### [Brief]
Starting from the line that holds "제이엠3주유소 이미지", output exactly each line through the end of the listing. Do not copy pictures.
--- Supplied information ---
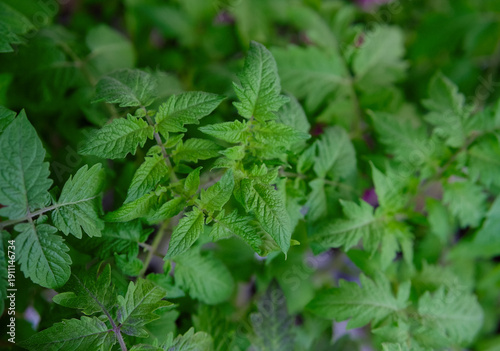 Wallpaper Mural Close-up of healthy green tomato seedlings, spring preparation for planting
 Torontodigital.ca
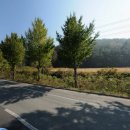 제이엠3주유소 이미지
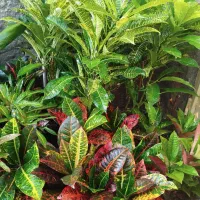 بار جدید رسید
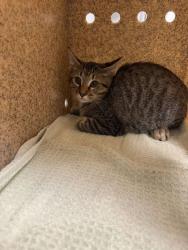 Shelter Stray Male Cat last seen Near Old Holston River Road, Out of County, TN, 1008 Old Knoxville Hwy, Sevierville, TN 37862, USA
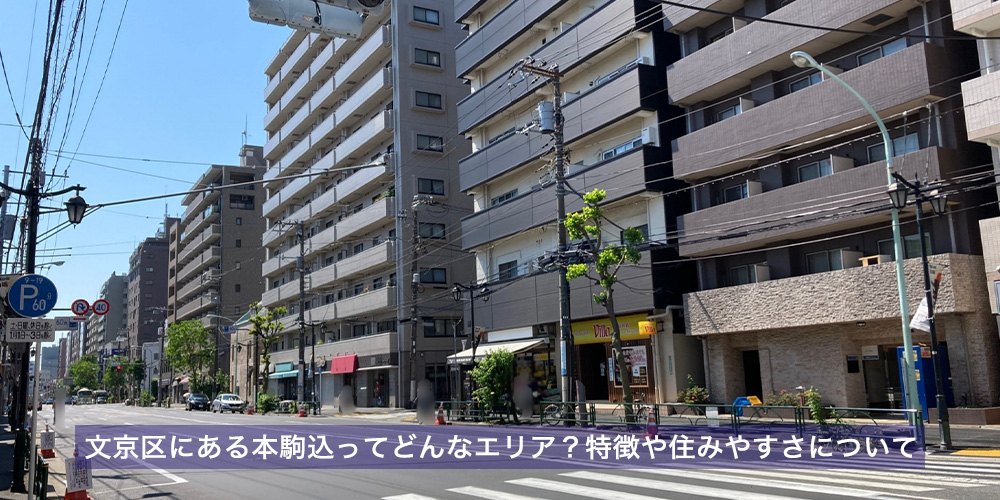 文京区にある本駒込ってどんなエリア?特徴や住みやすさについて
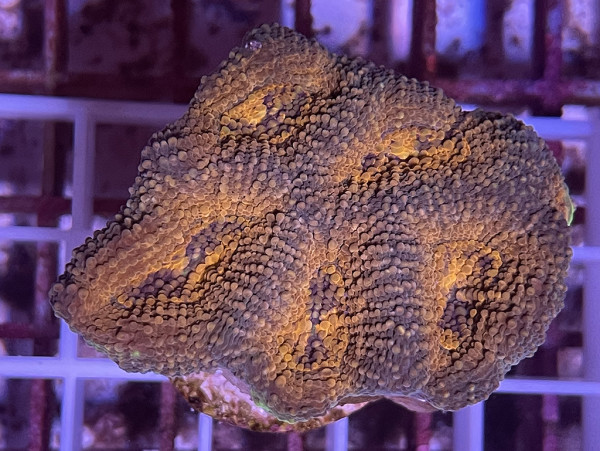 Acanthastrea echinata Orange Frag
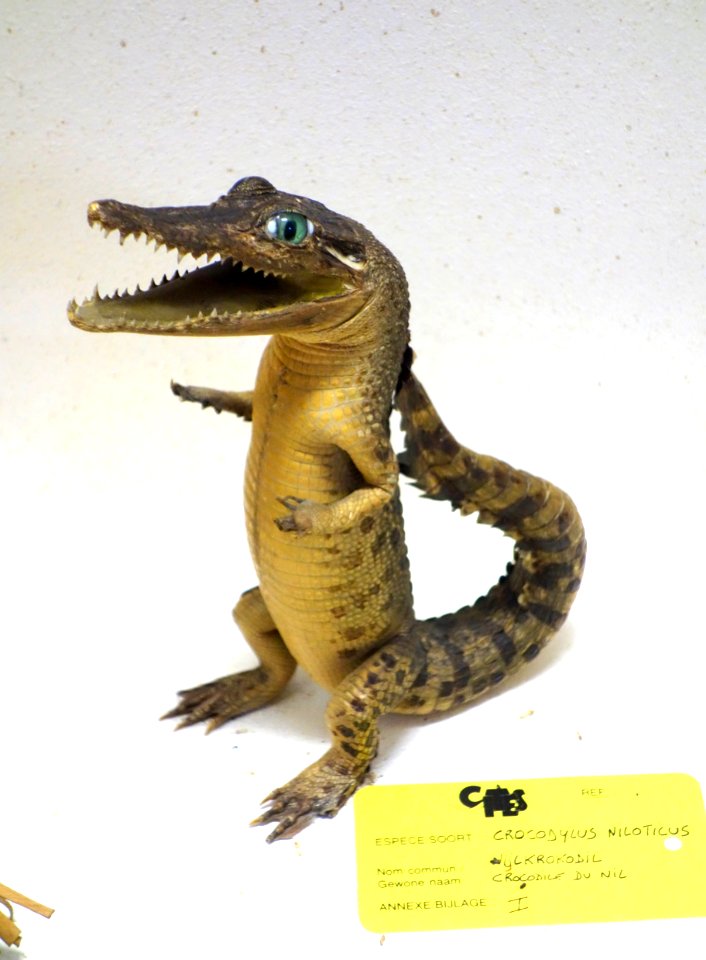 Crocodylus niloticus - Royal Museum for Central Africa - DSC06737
---
### [Response to the task]
 제이엠3주유소 이미지
 بار جدید رسید
 Shelter Stray Male Cat last seen Near Old Holston River Road, Out of County, TN, 1008 Old Knoxville Hwy, Sevierville, TN 37862, USA
 文京区にある本駒込ってどんなエリア?特徴や住みやすさについて
 Acanthastrea echinata Orange Frag
 Crocodylus niloticus - Royal Museum for Central Africa - DSC06737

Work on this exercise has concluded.